* Recorded information *
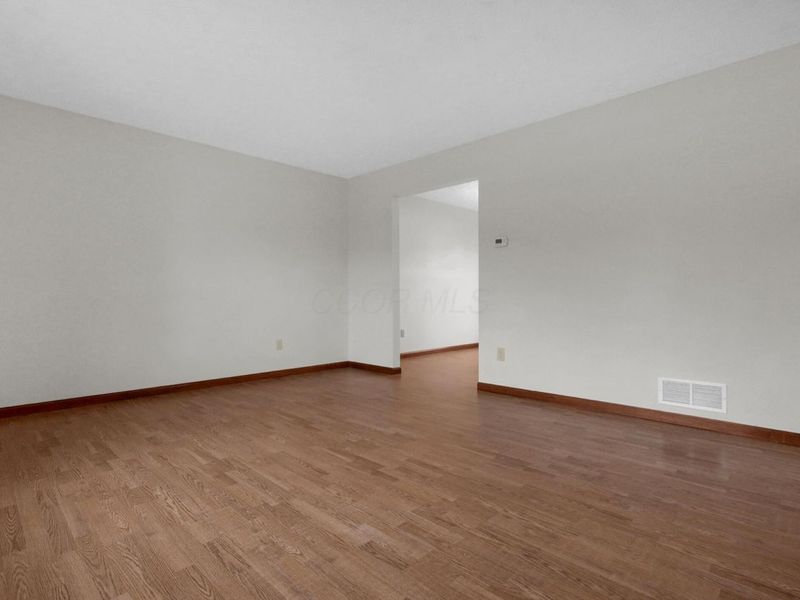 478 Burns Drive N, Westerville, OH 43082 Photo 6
--
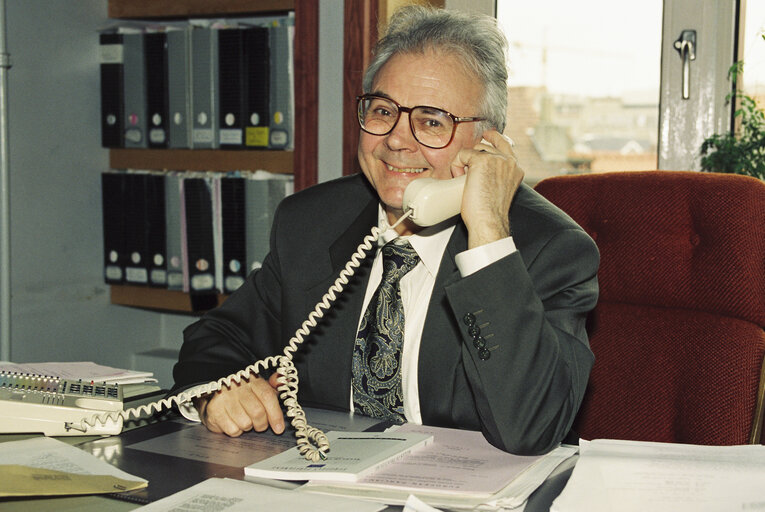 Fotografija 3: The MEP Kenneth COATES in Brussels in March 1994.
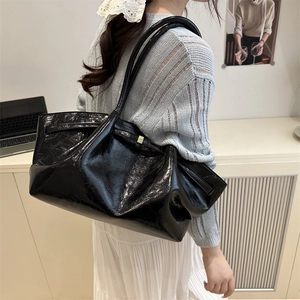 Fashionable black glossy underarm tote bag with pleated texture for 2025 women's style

* How to complete this task *
Copy back exactly the lines above from the one containing "Fotografija 3: The" through the one containing "Fashionable black glossy", and leave every picture behind.

* Task result *
 Fotografija 3: The MEP Kenneth COATES in Brussels in March 1994.
 Fashionable black glossy underarm tote bag with pleated texture for 2025 women's style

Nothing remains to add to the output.